How to complete this task: Beginning at the line that contains "Dall'alienazione alla liberazione", reproduce the entries below exactly, ending with the line that contains "Occhiali da sole Miu Miu". Omit each picture.

Data supplied:
Segment Open

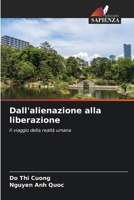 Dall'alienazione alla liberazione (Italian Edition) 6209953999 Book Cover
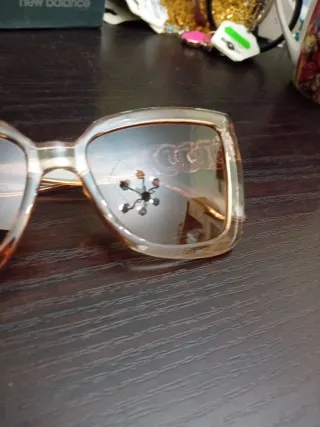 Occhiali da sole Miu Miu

Segment Closed
Segment Open

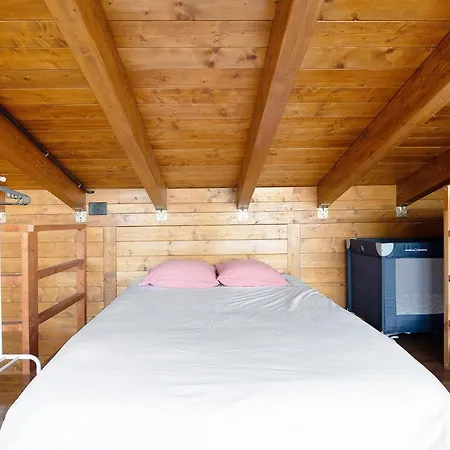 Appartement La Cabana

Segment Closed

Response to this task:
 Dall'alienazione alla liberazione (Italian Edition) 6209953999 Book Cover
 Occhiali da sole Miu Miu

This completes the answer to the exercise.